> _WHAT TO WORK ON_: Nothing but an exact copy is wanted here: the line with "6873 S PLYMOUTH" and all the lines that follow it in the entries below.

> _MATERIAL TO PROCESS_:
---
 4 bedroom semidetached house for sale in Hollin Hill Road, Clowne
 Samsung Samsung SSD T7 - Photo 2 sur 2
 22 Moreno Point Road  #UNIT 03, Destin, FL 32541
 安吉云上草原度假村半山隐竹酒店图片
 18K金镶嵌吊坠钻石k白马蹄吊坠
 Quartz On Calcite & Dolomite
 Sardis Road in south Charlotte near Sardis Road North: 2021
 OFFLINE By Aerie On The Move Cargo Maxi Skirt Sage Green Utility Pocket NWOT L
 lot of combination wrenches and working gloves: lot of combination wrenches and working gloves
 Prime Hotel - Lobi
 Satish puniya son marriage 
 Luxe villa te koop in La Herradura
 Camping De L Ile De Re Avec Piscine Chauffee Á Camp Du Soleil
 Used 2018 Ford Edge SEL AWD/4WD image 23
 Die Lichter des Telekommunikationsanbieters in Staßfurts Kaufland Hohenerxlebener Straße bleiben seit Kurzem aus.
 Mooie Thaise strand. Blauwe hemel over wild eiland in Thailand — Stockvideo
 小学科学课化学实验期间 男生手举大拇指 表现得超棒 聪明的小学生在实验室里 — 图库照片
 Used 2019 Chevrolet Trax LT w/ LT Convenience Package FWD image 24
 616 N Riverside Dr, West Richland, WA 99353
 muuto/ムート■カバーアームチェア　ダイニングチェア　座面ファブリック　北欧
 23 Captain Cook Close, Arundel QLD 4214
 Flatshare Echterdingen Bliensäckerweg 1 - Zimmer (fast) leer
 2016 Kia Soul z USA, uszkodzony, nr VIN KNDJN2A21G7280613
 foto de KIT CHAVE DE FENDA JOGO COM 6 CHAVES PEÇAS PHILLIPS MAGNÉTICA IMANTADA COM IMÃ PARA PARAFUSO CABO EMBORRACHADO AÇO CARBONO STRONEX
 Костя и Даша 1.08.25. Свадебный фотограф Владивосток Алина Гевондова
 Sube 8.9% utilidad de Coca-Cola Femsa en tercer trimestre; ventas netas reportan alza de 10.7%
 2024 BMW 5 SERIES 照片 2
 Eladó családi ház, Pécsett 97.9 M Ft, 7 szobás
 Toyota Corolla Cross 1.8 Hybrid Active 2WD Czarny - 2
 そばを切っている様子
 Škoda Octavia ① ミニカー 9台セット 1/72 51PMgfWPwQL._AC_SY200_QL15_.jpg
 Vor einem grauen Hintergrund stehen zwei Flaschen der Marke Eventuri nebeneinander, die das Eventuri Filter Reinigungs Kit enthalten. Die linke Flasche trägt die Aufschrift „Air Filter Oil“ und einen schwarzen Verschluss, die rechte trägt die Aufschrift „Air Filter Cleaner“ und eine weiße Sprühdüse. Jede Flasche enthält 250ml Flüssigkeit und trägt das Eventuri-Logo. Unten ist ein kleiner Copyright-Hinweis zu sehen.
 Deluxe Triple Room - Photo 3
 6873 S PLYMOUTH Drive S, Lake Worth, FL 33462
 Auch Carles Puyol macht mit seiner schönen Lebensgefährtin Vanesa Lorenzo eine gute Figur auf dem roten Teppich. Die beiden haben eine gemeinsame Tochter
---
> _EXERCISE RESPONSE_:
 6873 S PLYMOUTH Drive S, Lake Worth, FL 33462
 Auch Carles Puyol macht mit seiner schönen Lebensgefährtin Vanesa Lorenzo eine gute Figur auf dem roten Teppich. Die beiden haben eine gemeinsame Tochter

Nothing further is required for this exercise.